Thursday, August 16, 2012

Ignatius: Through the Features of Jesuits’ Faces

by Remmon E. Barbaza
Feast of St. Ignatius of Loyola
31 July 2012

Quezon City, Philippines

St. Ignatius and St. Philip Neri
“For Christ plays in ten thousand places, lovely in limbs and lovely in eyes not his, to the Father, through the features of men’s faces.” These lines from the Jesuit poet Gerard Manley Hopkins perhaps capture for me my own personal Ignatius. For Ignatius, too, as a companion of Jesus, must be playing in ten thousand places, through the features of men’s faces.

My first close encounter with the face of a Jesuit was way back in my college days at the University of the Philippines in Diliman, Quezon City, in the 1980s. The Catholic chaplain then was Fr. Guido Arguelles, S.J. He was so funny he could make you laugh even without him saying a word. He would simply look at you through his huge, thick glasses, his mouth agape and teeth that somehow reminded you of Jerry Lewis, and then he would begin to smile and you would know he was about to burst into laughter. It didn’t matter what made him laugh—you were bound to laugh with him as well. One time he was supposed to have told a penitent, “I absolve you of all your sins. For your penance, look at my face.” That must have been the first thing I learned about Ignatius and his Jesuit companions: not to take oneself seriously, even as one was serious about the welfare of others, not to be so overwhelmed by anything as to lose one’s faith.
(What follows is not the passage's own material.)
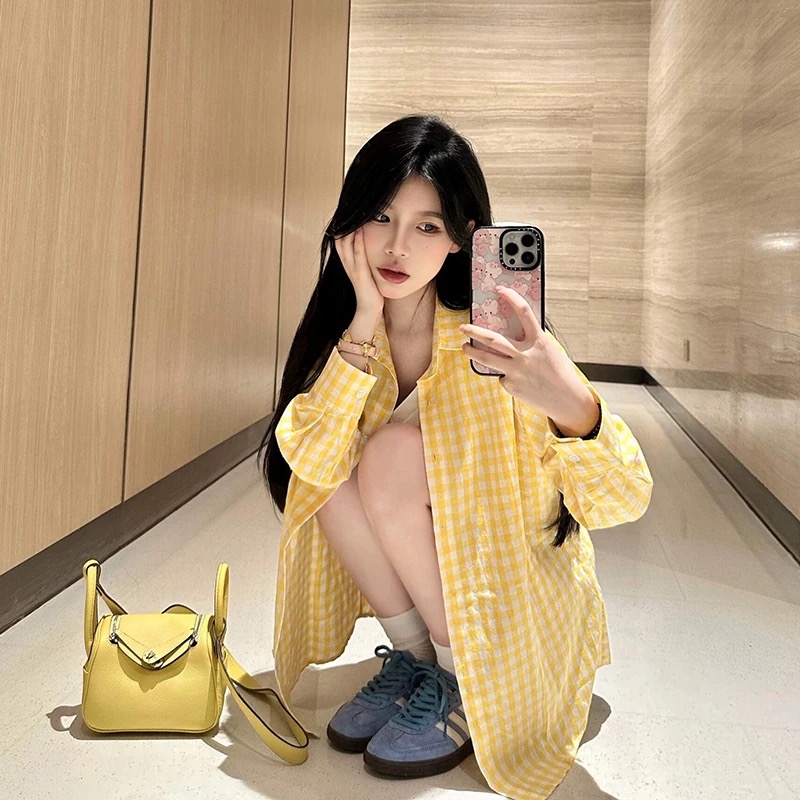 编号051-100长袖夏季开衫小众薄款宽松设计感韩版时尚休闲百搭2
The next face I remember was that of Fr. Roque Ferriols, S.J., with whom I took my first-ever philosophy course—sinaunang Griyego (ancient Greek philosophy)—in 1987 as a Jesuit pre-novice at the Ateneo de Manila University. Anybody who had the privilege of studying under Padre Roque and devoted full attention to every word he said and closely followed the movements of his thought in class could attest to the experience of what it really meant to study. As he sat there on the table before the blackboard, deep in his thoughts while lecturing in class (“danasin mo si Parmenides,” he would say—go through an experience of Parmenides, and manifest that experience in your own words, as if that experience was most concrete and palpable), one would begin to see his face fixed, as if onto something that was at once real and urgent. Listening to the lectures of Padre Roque was like getting hit by a lightning, and once you get hit there was no possibility of recovery. This must be the second thing I learned about Ignatius and his Jesuits: that the development of the intellect is essential to being human. Simone Weil herself saw the link between evil and the repugnance we feel whenever we have to do some intellectual work. I thus understood why Ignatius rebuffed the proposal of some younger Jesuits to cut short their seminary formation under the pretext of starting their apostolic work earlier.

The third face I remember was that of Scholastic Richie Fernando, S.J. Before he left for his regency assignment in Cambodia (it must have been in 1995), some of us Jesuit scholastics dropped by his room at the Arrupe International Residence inside the Ateneo de Manila University campus, mostly curious about the preparations he was making for his mission, but also wishing him good luck. Richie showed me a new pair of heavy duty, steel toe Caterpillar boots that a relative must have given him, jokingly telling me that they would protect him from land mines. I remember the face of Richie that night when I saw him the last time—beneath the childlike playfulness (and even some naughtiness perhaps), there just was this look in his face that told me he was extremely happy about going to Cambodia, there was this fire in his eyes that told me of this quiet passion burning within. A year later, I would hear of the tragic news of his death as he tried to prevent a distraught Cambodian student from pulling the pin of a hand grenade, which eventually blew and killed him instantly, but in the process saved the life of that student and those of others around him. This is another thing I learned about Ignatius through the face of a Jesuit: there is a fire burning within all of us, but we must keep it aflame, let it burn, and burn for the right things. We can call this fire zeal or passion. Father Pedro Arrupe called it love, saying that this love will decide everything for us.

There are many other Jesuit faces etched in my mind that somehow tell me who Ignatius was—the face of a Jesuit deep in prayer, or of another doing manual work in the most practical way. These faces help me imagine the Ignatius who showed us that God is in all things, and who invited us to bless all things in God. In them as in those of their many collaborators, I find God playing in ten thousand places, through the features of women’s and men’s faces.